By DPA
Washington : A US congressional watchdog agency raised questions Wednesday about the effectiveness of two decades of US economic sanctions against Iran and urged a thorough review of the source of Iran’s booming foreign trade.
The Government Accountability Office (GAO), the investigative and auditing arm of Congress, noted in the report posted online that Iran’s overall trade with the world has risen seven to nine percent a year since 1987.
From 1987 to 2006, Iranian exports grew from $8.5 billion to $70 billion in 2006 dollars – an average of nine percent annually. Iran’s imports grew from $7 billion to $46 billion, a seven-percent growth rate, the report said.
The trade included imports of weapons and nuclear technology, the report said.
The report was produced at the request of a US House of Representatives subcommittee on national security and foreign affairs.

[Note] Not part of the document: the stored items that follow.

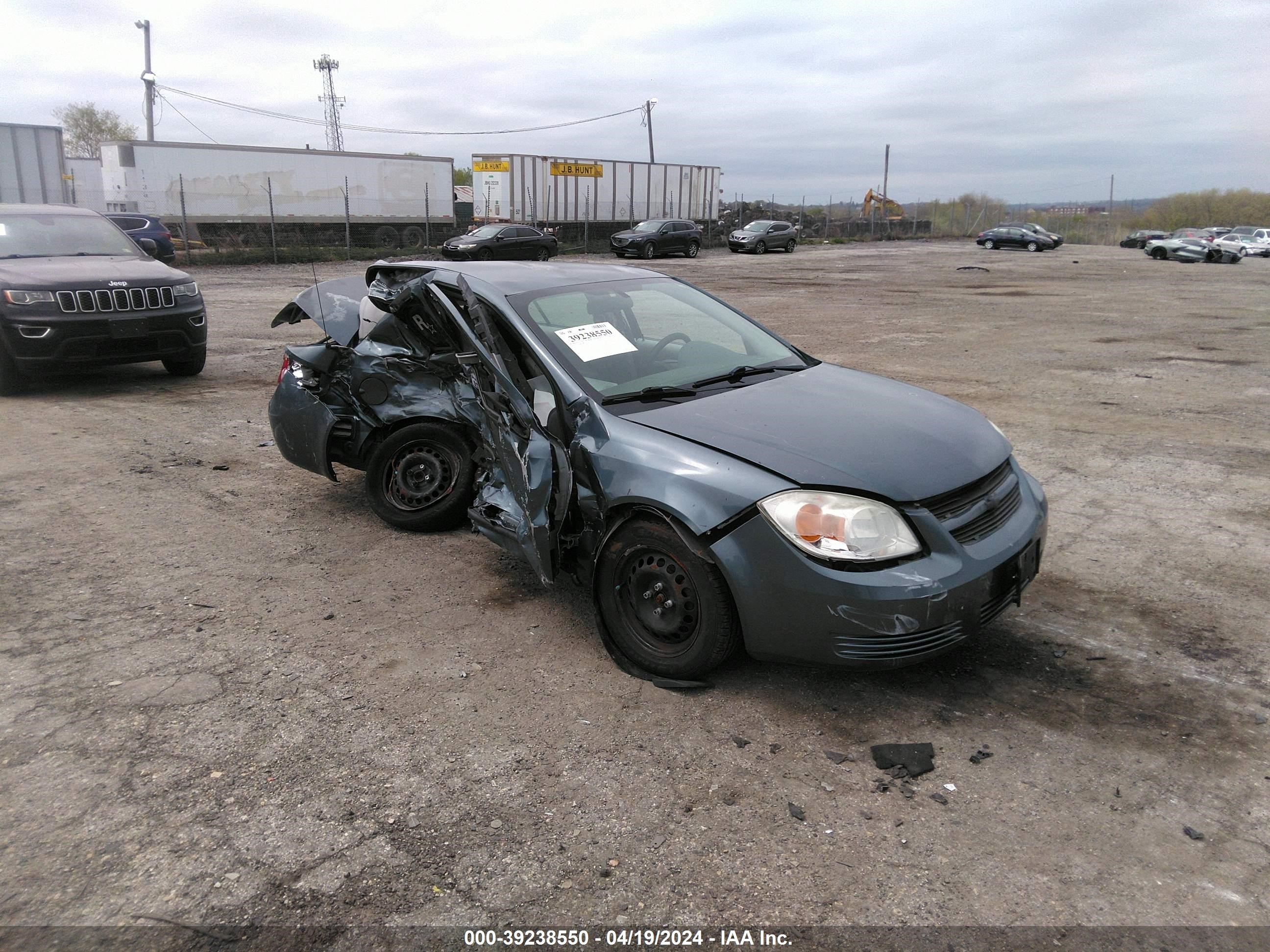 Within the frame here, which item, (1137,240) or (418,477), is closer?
(418,477)

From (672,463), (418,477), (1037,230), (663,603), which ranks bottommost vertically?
(663,603)

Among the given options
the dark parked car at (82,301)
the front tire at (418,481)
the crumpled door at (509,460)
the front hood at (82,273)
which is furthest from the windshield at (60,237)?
the crumpled door at (509,460)

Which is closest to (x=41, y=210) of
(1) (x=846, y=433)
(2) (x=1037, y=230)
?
(1) (x=846, y=433)

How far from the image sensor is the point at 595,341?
404 cm

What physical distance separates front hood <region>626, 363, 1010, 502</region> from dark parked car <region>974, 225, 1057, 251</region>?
45.1m

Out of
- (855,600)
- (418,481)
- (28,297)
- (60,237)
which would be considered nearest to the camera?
(855,600)

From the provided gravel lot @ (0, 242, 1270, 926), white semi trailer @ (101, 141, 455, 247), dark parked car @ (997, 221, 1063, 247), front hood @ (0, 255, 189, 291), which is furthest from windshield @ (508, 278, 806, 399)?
dark parked car @ (997, 221, 1063, 247)

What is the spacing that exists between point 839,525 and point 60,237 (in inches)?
373

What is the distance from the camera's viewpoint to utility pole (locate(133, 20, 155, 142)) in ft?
122

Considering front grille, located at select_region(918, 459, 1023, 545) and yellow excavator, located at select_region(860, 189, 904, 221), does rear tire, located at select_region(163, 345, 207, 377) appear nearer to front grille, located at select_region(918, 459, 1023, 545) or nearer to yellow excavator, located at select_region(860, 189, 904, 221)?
front grille, located at select_region(918, 459, 1023, 545)

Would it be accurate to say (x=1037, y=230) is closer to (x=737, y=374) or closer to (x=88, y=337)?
(x=88, y=337)

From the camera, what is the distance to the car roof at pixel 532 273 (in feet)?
14.1

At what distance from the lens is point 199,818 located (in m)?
2.67

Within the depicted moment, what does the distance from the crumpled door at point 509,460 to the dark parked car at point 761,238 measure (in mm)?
35649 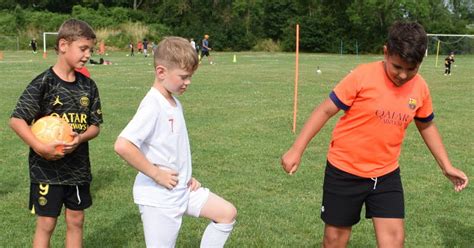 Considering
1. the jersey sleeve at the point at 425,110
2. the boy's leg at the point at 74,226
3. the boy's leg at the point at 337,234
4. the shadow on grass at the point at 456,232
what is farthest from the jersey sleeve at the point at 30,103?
the shadow on grass at the point at 456,232

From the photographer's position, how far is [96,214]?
19.6ft

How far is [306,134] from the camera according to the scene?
12.8 ft

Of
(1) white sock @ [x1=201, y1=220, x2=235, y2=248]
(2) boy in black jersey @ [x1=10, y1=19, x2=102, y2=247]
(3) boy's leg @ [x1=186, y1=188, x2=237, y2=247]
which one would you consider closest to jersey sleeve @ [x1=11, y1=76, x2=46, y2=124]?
(2) boy in black jersey @ [x1=10, y1=19, x2=102, y2=247]

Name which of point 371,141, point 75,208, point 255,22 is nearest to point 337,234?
point 371,141

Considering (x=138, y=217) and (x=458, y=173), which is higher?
(x=458, y=173)

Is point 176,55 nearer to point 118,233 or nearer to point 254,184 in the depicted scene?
point 118,233

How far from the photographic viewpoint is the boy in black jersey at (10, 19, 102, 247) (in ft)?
12.5

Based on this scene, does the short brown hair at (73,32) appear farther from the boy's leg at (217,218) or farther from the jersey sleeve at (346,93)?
the jersey sleeve at (346,93)

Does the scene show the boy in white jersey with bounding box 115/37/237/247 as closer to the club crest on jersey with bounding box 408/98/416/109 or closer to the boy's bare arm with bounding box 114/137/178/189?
the boy's bare arm with bounding box 114/137/178/189

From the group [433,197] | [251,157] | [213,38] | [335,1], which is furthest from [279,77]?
[335,1]

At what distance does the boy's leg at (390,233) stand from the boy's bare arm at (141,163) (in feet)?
5.15

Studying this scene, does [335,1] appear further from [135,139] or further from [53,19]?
[135,139]

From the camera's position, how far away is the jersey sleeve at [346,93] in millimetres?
3816

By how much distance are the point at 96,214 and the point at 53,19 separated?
64.0 metres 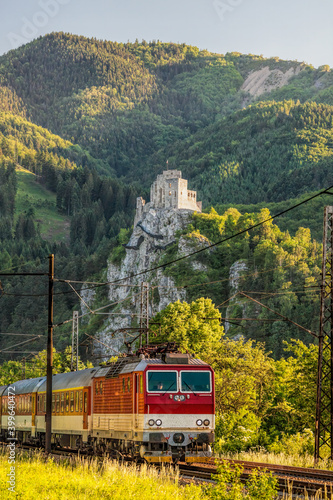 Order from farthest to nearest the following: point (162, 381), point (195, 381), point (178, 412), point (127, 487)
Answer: point (195, 381), point (162, 381), point (178, 412), point (127, 487)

“Iran’s global trade ties and leading role in energy production makes it difficult for the United States to isolate Iran and pressure it to reduce proliferation and support for terrorism,” the report said.
In 2006, the United Nations instituted multilateral sanctions against Iran over its refusal to comply with international demands that it stop enriching uranium, a process that could provide weapons-grade fuel.
US sanctions before and after 2006 were aimed at both Iran’s nuclear proliferation and its support of international terrorism.
Iran insists it has no plans of making nuclear weapons and needs to enrich uranium to supply the oil-rich country with electricity.
Its claims appeared to be backed up from Washington in December, when a US intelligence report found that Iran had halted its atomic-weapons programme in 2003 and seemed less determined to develop nuclear arms than the administration of President George W. Bush previously believed.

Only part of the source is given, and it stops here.